A Solution

An enduring feature of "science" reporting during the 1930s was atomic energy. Scientists had raised the possibility from the time of the discovery of radioactive decay among the natural elements in 1902. The measurement of the masses of hydrogen and helium to unusual precision in 1922 by Francis Aston of the Cavendish Laboratory in Cambridge, England, gave perhaps the first substantial ground for hope or fear that civilization might run or destroy itself by exploiting the atom. Aston found that four atoms of hydrogen have a greater mass than one of helium; should it be possible to synthesize helium from hydrogen, Einstein's law of equivalency between mass and energy promised that something noteworthy would ensue. According to his calculations, Aston said, the hydrogen in a pint of water could yield enough energy to drive a steamship across the ocean and back; or "the transmutation might be beyond control and result in the detonation of all the water on the earth," a possibility he considered "interesting" but remote. If all went well, "there would be literally no limit to the material achievements of the human race."^[107]

Most reputable physicists, Max Planck for example, wrote of the need, desirability, and eventual practicality of "the liberation

of atomic energy."^[108] Scientists who thought practical atomic energy farfetched or impossible found it awkward to protest, since they would open themselves to the difficult duty of proving an impossibility.
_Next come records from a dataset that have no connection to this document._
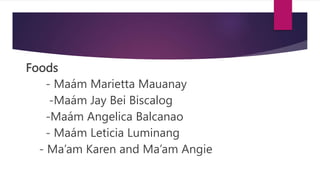 Foods
- Maám Marietta Mauanay
-Maám Jay Bei Biscalog
-Maám Angelica Balcanao
- Maám Leticia Luminang
- Ma’am Karen and Ma’am Angie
Millikan was one of the few physicists who then talked regularly with the Creator and could know the impossibility of the release of useful or destructive atomic energy. One of the favorite arguments of those who favored a moratorium in physical research turned on the likelihood that unsupervised physicists might discover a way and unprepared society might blow itself to bits. No chance, said Millikan. His observations of cosmic rays, which showed that the sort of synthesis Aston contemplated could not occur on earth, and his calculations about radioactive decay, which showed that atomic disintegration could not power a popcorn machine, demonstrated sufficiently that God had made the universe proof against destruction by inquisitive physicists. "There is not even a remote likelihood that man can ever tap this source of energy at all."^[109]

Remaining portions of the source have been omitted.